[7日 ロイター] - 豪投資銀行大手マッコーリー・グループが7日発表した2021年度(20年4月─21年3月)決算は利益が自社予想を上回り、過去最高となった。手数料ベースの一部事業が低迷した一方、エネルギーや貴金属、為替などボラティリティーの高い市場からの利益が伸びた。

純利益は10.6%増の30億2000万豪ドル(23億5000万米ドル)で、2月に示した自社予想(5─10%増益)を上回った。

新型コロナウイルスのパンデミック(世界的大流行)で航空機リース部門が打撃を受け、企業のM&A(合併・買収)に関連した手数料収入や銀行の利益率が圧迫された一方、商品(コモディティー)取引部門が50%の増益となった。

リテールバンキングからM&A、インフラ投資、商品取引まで多岐にわたる事業を世界的に展開していることが奏功した。

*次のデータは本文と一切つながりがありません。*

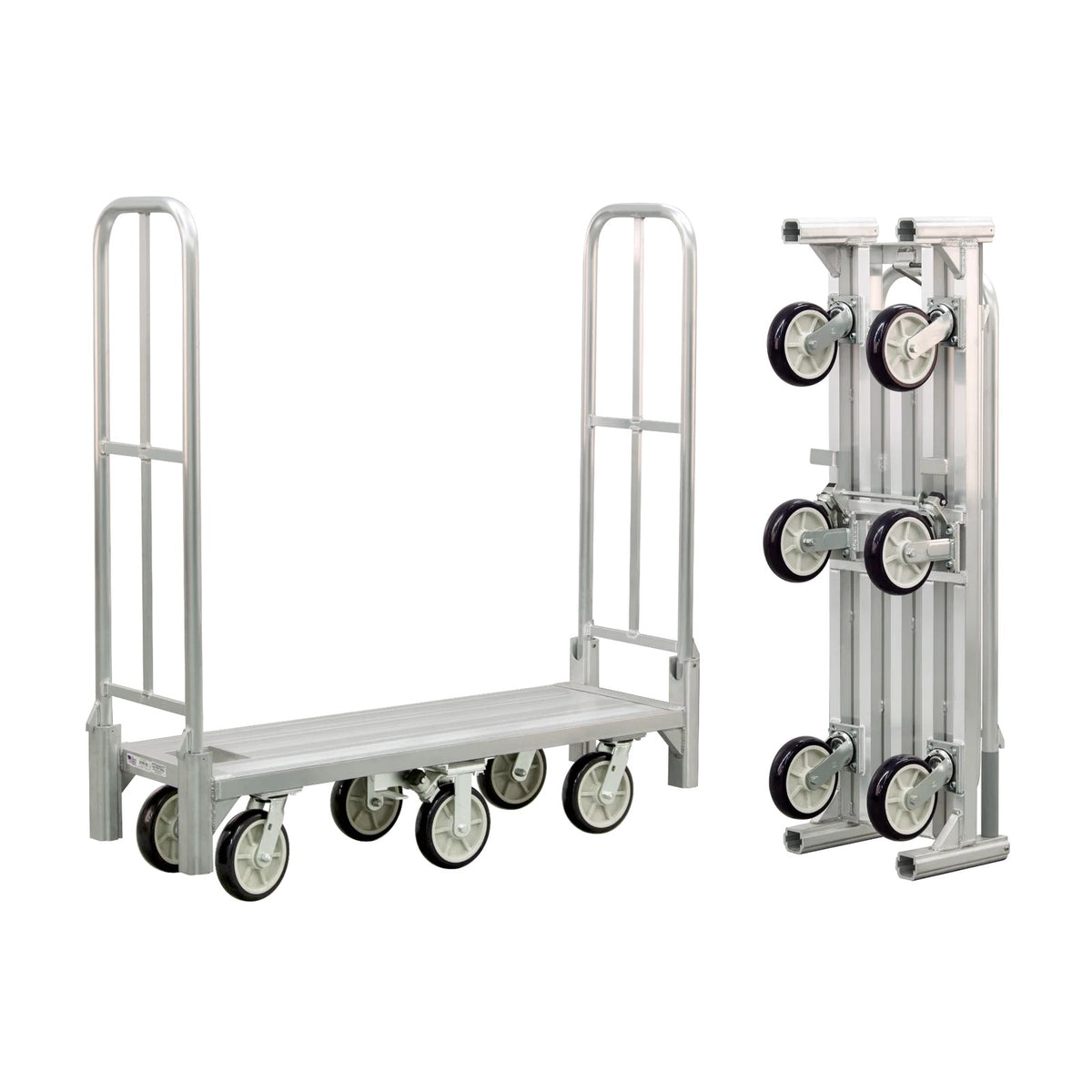 New Age Industrial Folding Platform Truck, 18" x 61", Silver - 8"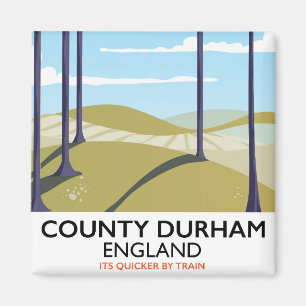 County Durham, England train poster Magnet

2月に北米を襲った寒波でガス価格が上昇した恩恵も受けた。マッコーリーは北米の天然ガス市場で第2位。

シェマラ・ウィクラマナヤケ最高経営責任者(CEO)はアナリスト会見で、幅広い事業展開について「さまざまな市場サイクルの中で多様性を提供した」と評価した。

また、北米における下半期のガス・電力取引だけでなく、上半期の貴金属、原油取引のほか、為替やデリバティブの活発な取引も寄与したと述べた。

同CEOはさらに、マッコーリーは「慎重な姿勢」を維持するものの、「主要な市場における深い知識や事業・地理上の多様性に伴う強さ」を踏まえると、「中期的により優れた業績を達成する良い位置につけている」との見方を示した。

期末配当は1株当たり3.35豪ドルと、前年の1.80豪ドルから2倍近くに引き上げた。